E Anneliese, così diversa da suo fratello, allontanandosi il tempo e il ricordo del suo martirio antinazista, aveva moltiplicato le presenze, gli appelli, i viaggi, gli scritti, che “portavano avanti” la scelta e le parole di Willi e dei suoi amici. In questo senso, “die kleine Schwester”, come lui - tre anni più grande - la chiamava, era diventata una piccola sorella e una grande testimone, legata sempre di più a lui dalla misteriosa fedeltà e sintonia che talvolta rende i morti più vivi dei viventi.
“Avrei sufficienti motivi - ha detto Anneliese in una delle sue ultime interviste - per rappresentare mio fratello come un eroe, mi basterebbe pensare alla sua impressionante e radicale coerenza di pensiero e azione. Eppure mi rifiuto di attribuire a lui e agli altri il ruolo di modelli, in primo luogo per ragioni di ordine pedagogico: un paragone così smisurato non potrebbe che avere un effetto scoraggiante sui giovani, e poi il termine eroe per me è irrimediabilmente compromesso dall’uso che ne hanno fatto i nazisti. Ho cercato invece di evidenziarne le caratteristiche profondamente umane”.
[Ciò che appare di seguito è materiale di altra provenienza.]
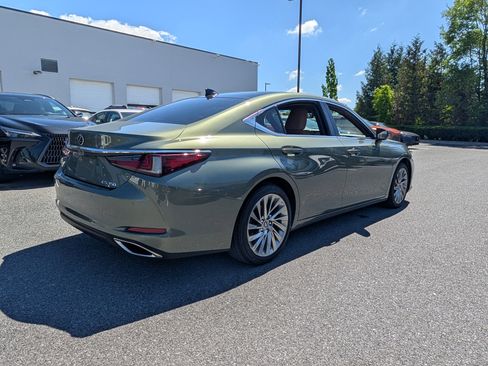 Used 2019 Lexus ES 350 w/ Accessory Package FWD image 3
E questa “normale” umanità del resistente, Anneliese ci ha trasmesso in modo così semplice, forte e convincente, da consentirci a nostra volta di continuare a raccontare la normale e insieme straordinaria scelta di minoranza compiuta da Willi Graf e dai suoi amici: opporsi al male, non inginocchiarsi davanti al dittatore, lottare per la libertà di tutti anche a rischio della vita propria.
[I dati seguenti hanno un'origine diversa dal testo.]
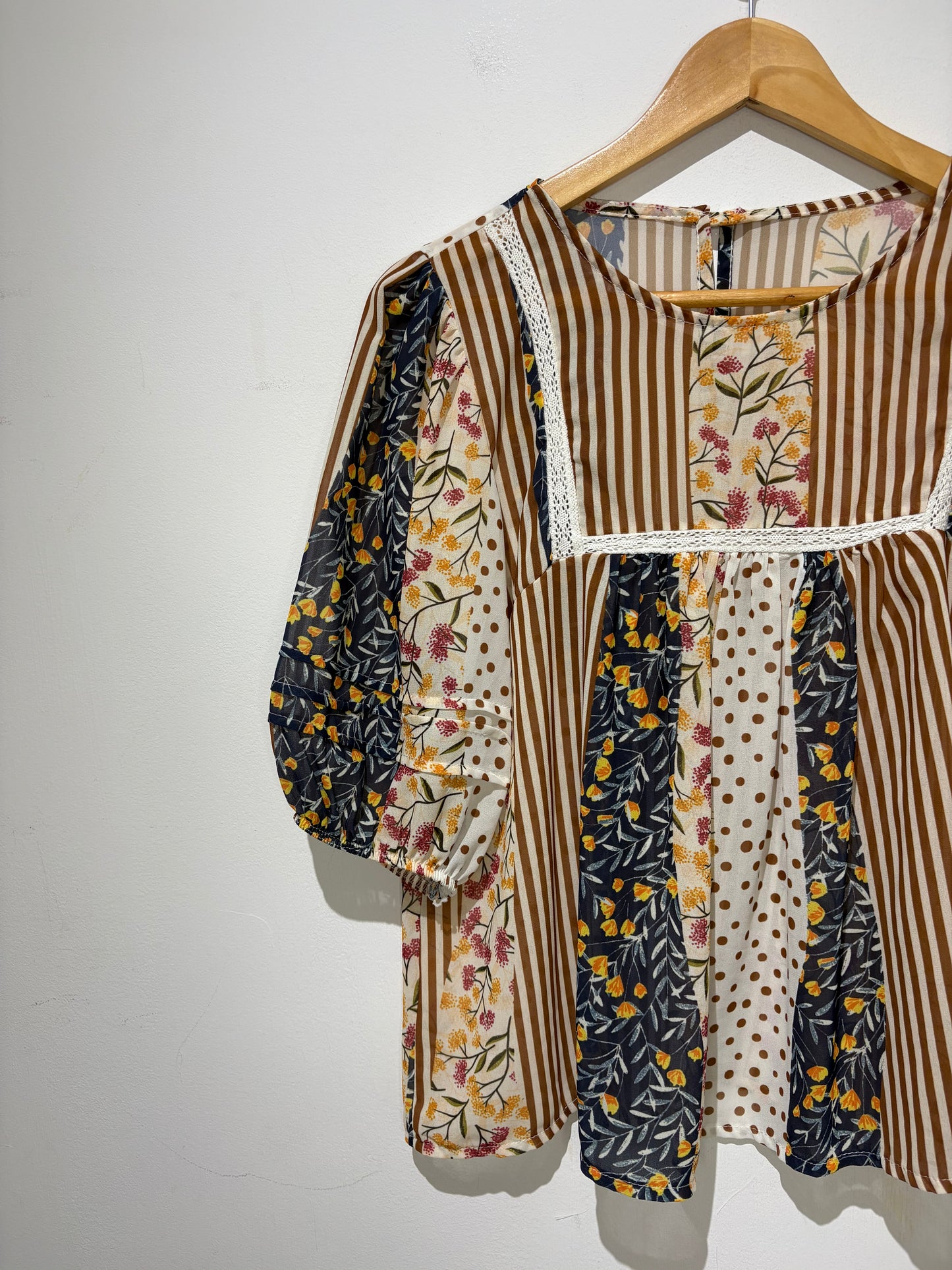 Blusa estilo romántico estampada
Anneliese non aveva - mi confessò un giorno - il dono di una fede forte come quella del fratello, che andrò incontro al boia nella certezza consolante della resurrezione: mi disse che non sapeva che cosa pensare, che non era affatto sicura di ritrovare Willi al di là della soglia oscura. Mi consola immaginare invece che l’abbia già riabbracciato, e che si siano stretti forte la mano, come quella notte del 18 febbraio 1943, a Monaco, seduti vicini nella macchina nera della Gestapo: la polizia segreta che pensava di averli ingabbiati e sconfitti, ma non aveva fatto i conti con la forza inesorabile della libertà, con l’eco senza tempo delle parole fragili ma invincibili di chi sa morire per aver detto no alla ferocia seducente della dittatura, e sì alla gentilezza spinosa (e sanguinosa, dunque) di una rosa bianca.